Was gehört zu einer Inspektion?
Kleine, große und umfangreiche Inspektionen prüfen Unterschiedliches, und die richtige hängt von Laufleistung und der letzten Wartung ab. Hier steht, was jede Stufe abdeckt und wie oft Ihr Auto wirklich eine braucht.
Kleine Inspektion
Die Halbjahres- oder Vielfahrer-Auffrischung: Öl und Ölfilter neu, Flüssigkeiten aufgefüllt, Bremsen, Reifen und Licht geprüft. Richtig für Autos mit hoher Laufleistung zwischen großen Inspektionen oder Kurzstreckenautos, die das Öl stark beanspruchen.
Große Inspektion
Der jährliche Rundum-Check: alles aus der kleinen, plus Luft- und Innenraumfilter sowie eine tiefere Prüfung von Bremsen, Fahrwerk, Lenkung, Auspuff, Batterie und Kühlung. Für die meisten Autos die Standardwahl einmal im Jahr.
Umfangreiche Inspektion
Die große Inspektion plus die planmäßigen Positionen, die das Serviceheft in festen Abständen vorsieht: Bremsflüssigkeit, Zündkerzen oder Kraftstofffilter, Kühlmittel. Typischerweise alle zwei bis drei Jahre, im Wechsel mit großen Inspektionen.
Wie oft sollte das Auto zur Inspektion?
Die Faustregel: alle 12 Monate oder 15.000 bis 20.000 km, je nachdem, was zuerst eintritt, mindestens jedes zweite Mal als große Inspektion. Vielfahrer auf der Autobahn können Intervalle strecken; Kurzstreckenautos altern Öl und Bremsen schneller und profitieren von kleinen Inspektionen dazwischen. Serviceheft und Wartungsanzeige kennen Ihren Motor am besten: Wenn sie der Faustregel widersprechen, glauben Sie ihnen.

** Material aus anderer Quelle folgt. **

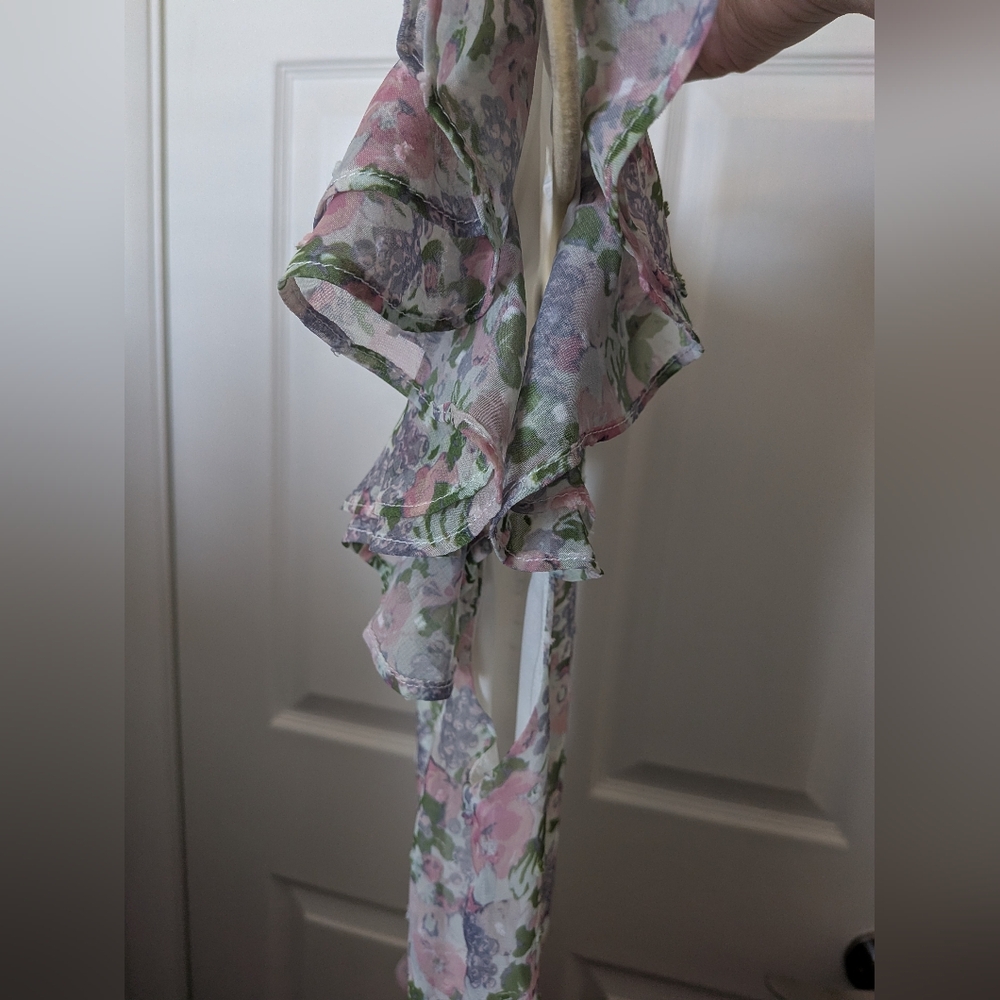 Senlis Elaine Ruffle Floral Midi Dress S NWT $238 - Picture 5 of 6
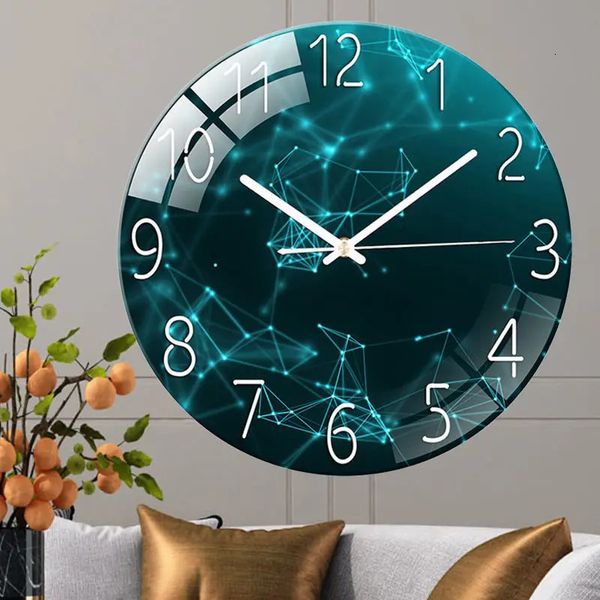 Horloges murales Creative Style européen salon gratuit horloge perforée ménage silencieux chambre Quartz numérique 231030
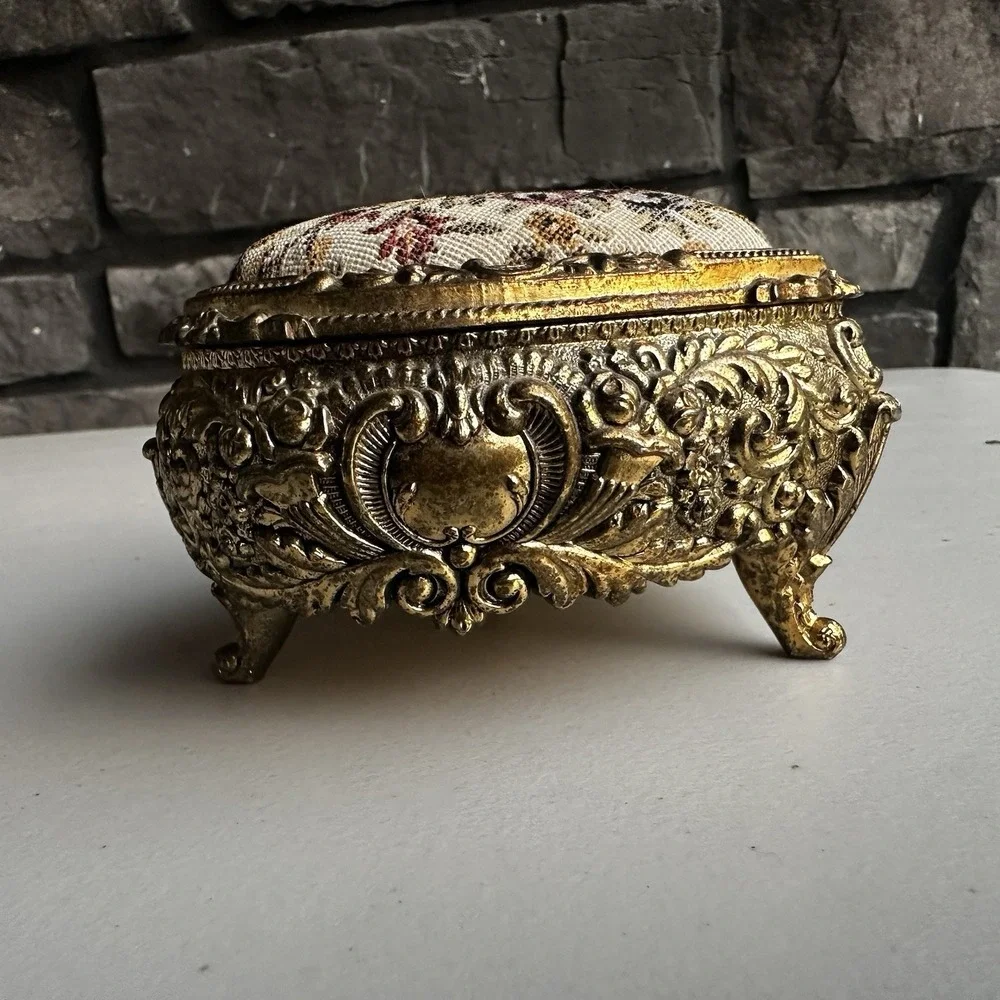 Vintage Metal Gold Heart Shaped Jewelry Trinket Box Embroidered Granny Cottage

Eine Inspektion ist keine HU: Die HU prüft am Stichtag das gesetzliche Minimum, die Inspektion sorgt dafür, dass das Auto sie nächstes Jahr nicht verfehlt.
Was die Werkstatt wirklich prüft
Jede Stufe beginnt mit demselben Kern: Motoröl und Filter neu, Flüssigkeitsstände aufgefüllt, Bremsen gemessen, Reifen und Licht geprüft, plus Bericht über alles, was verschleißt. Die große Inspektion ergänzt Luftfilter, Innenraumfilter und eine tiefere Prüfung von Fahrwerk, Lenkung, Auspuff und Batterie. Die umfangreiche fügt die planmäßigen großen Posten hinzu: Bremsflüssigkeit, Zündkerzen oder Kraftstofffilter und Kühlmittel, wenn der Plan sie vorsieht.
Häufige Fragen
Wie lange dauert eine Inspektion?
Eine kleine Inspektion dauert etwa 60 bis 90 Minuten, eine große rund drei Stunden, eine umfangreiche kann einen halben Tag brauchen, wenn Kerzen und Flüssigkeiten fällig sind. Viele Werkstätten bieten Warten vor Ort oder Abholung am selben Tag.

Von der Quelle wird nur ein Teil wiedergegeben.